▶ **Given information**:
———

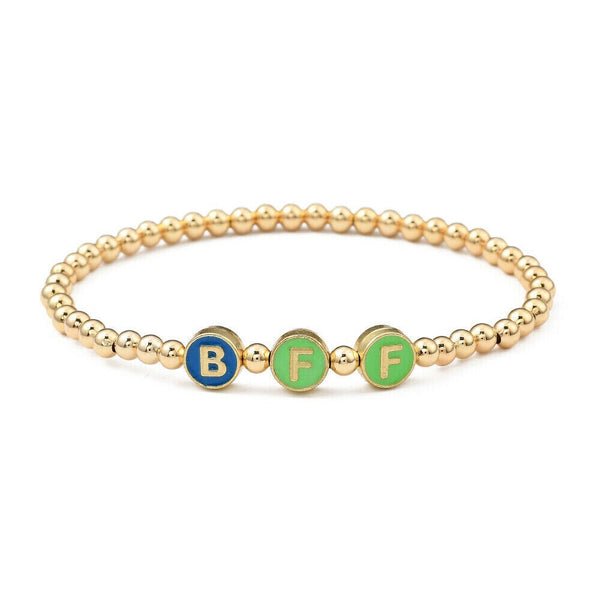 Stretch Bead Bracelet Friendship Bracelet Enamel Word BFF Best Friend Gold Z153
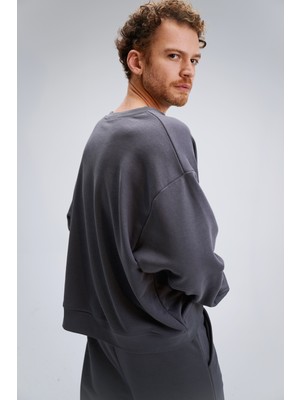 Erkek Timeless Oversize Antrasit Sweatshirt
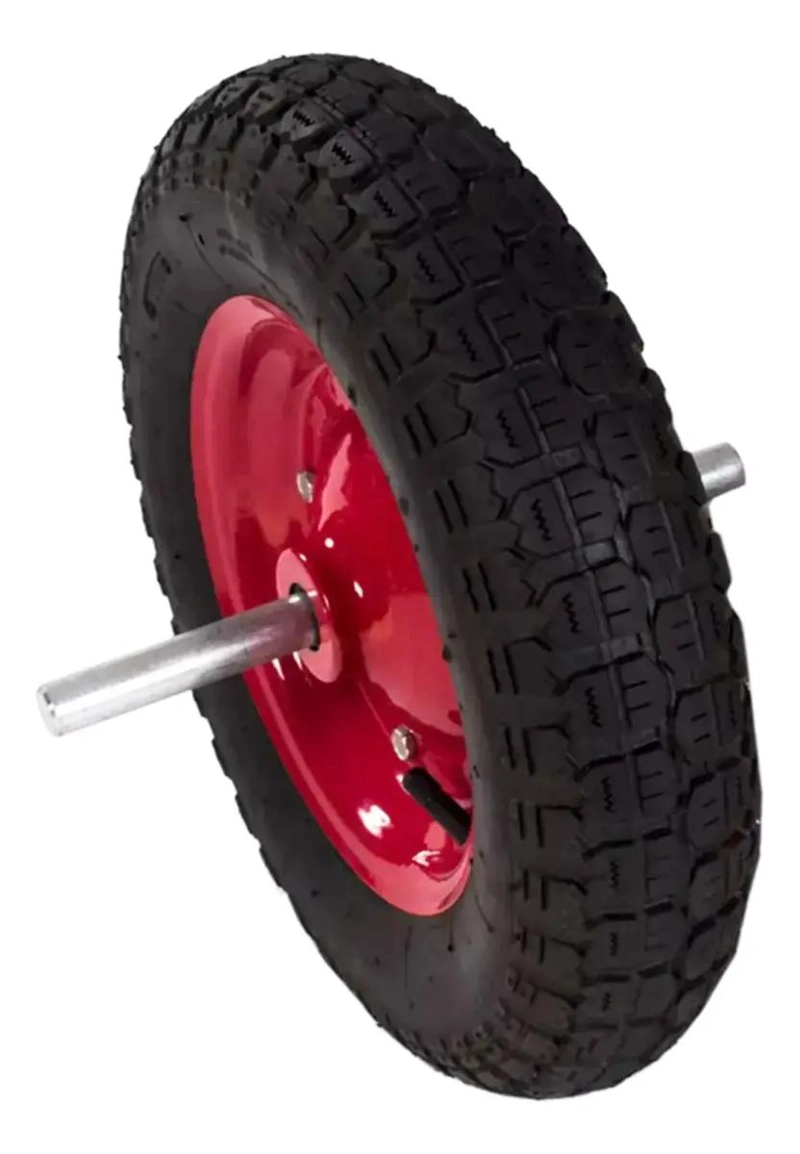 RUEDA INFLABLE PARA CARRETILLA 3.50-8 CON EJE - 3
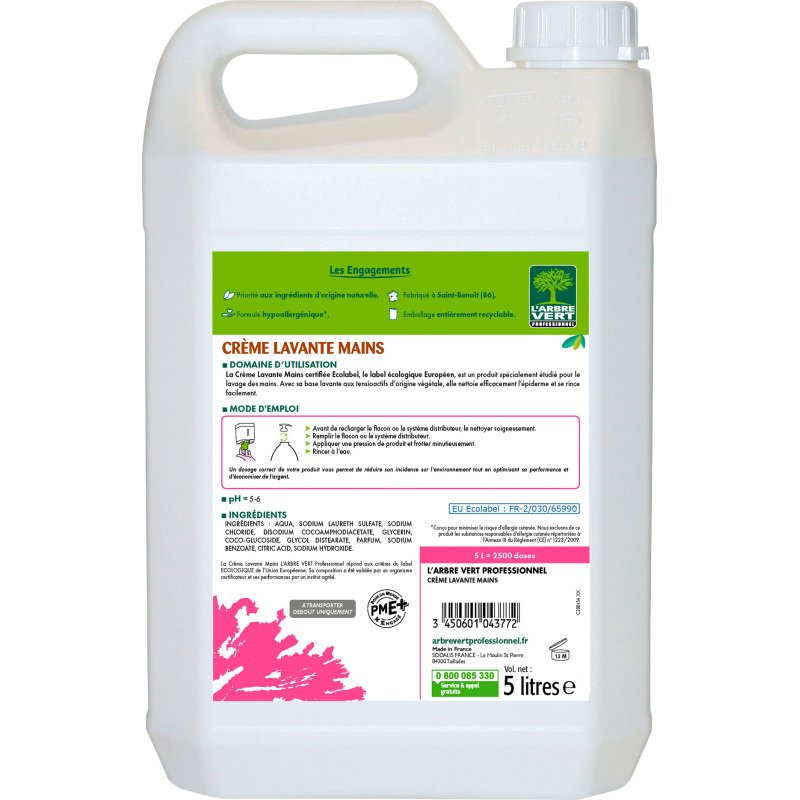 Crème lavante Amande douce L'arbre Vert professionnel - Bidon de 5 L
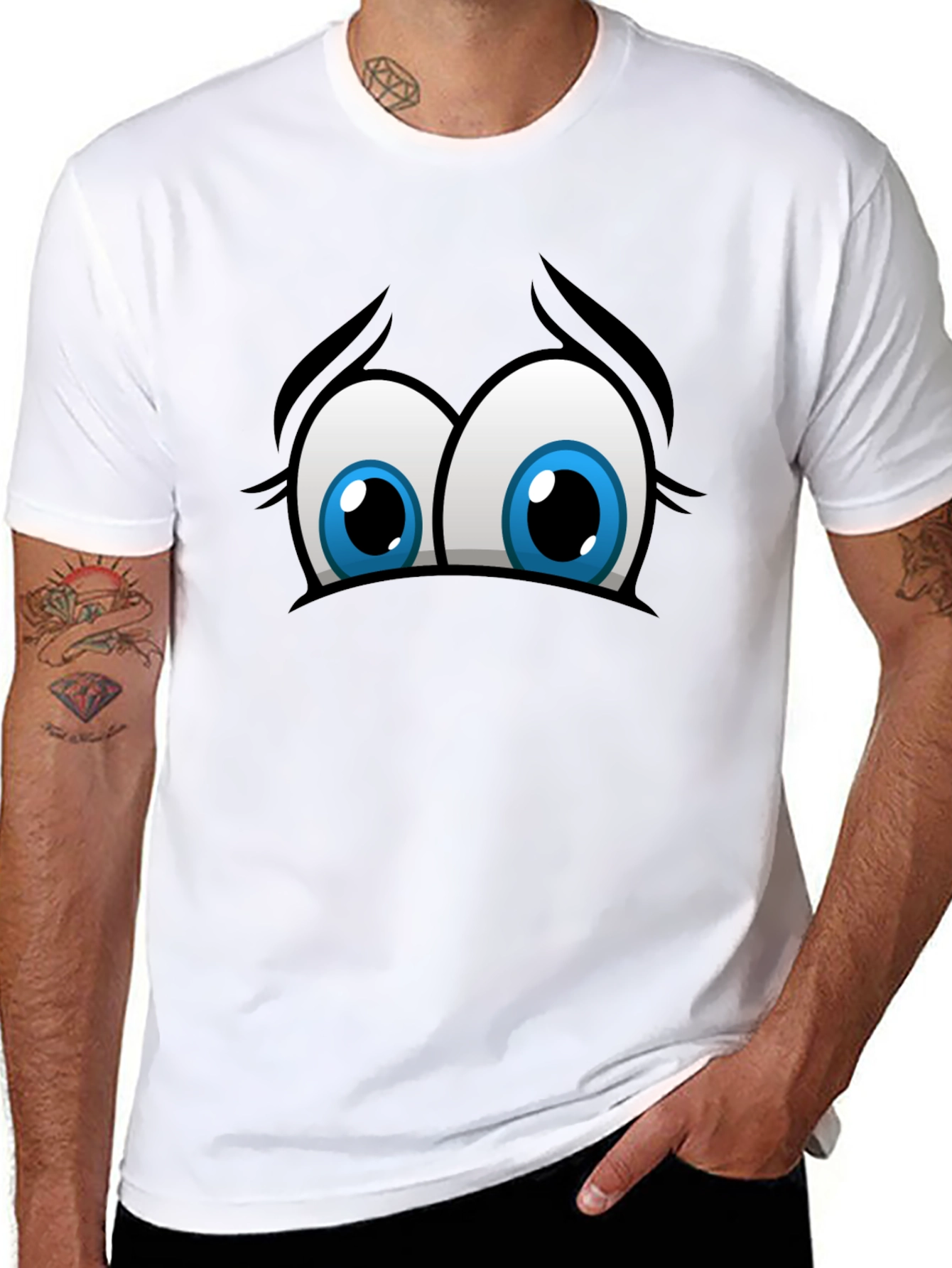 Funny Cartoon Eyes Graphic Black T-Shirt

———

▶ **Problem**: Give back word for word the lines from the one containing "Erkek Timeless Oversize Antrasit Sweatshirt" through the final line of the data above. Pictures are to be left out.

▶ **The completed task**:
 Erkek Timeless Oversize Antrasit Sweatshirt
 RUEDA INFLABLE PARA CARRETILLA 3.50-8 CON EJE - 3
 Crème lavante Amande douce L'arbre Vert professionnel - Bidon de 5 L
 Funny Cartoon Eyes Graphic Black T-Shirt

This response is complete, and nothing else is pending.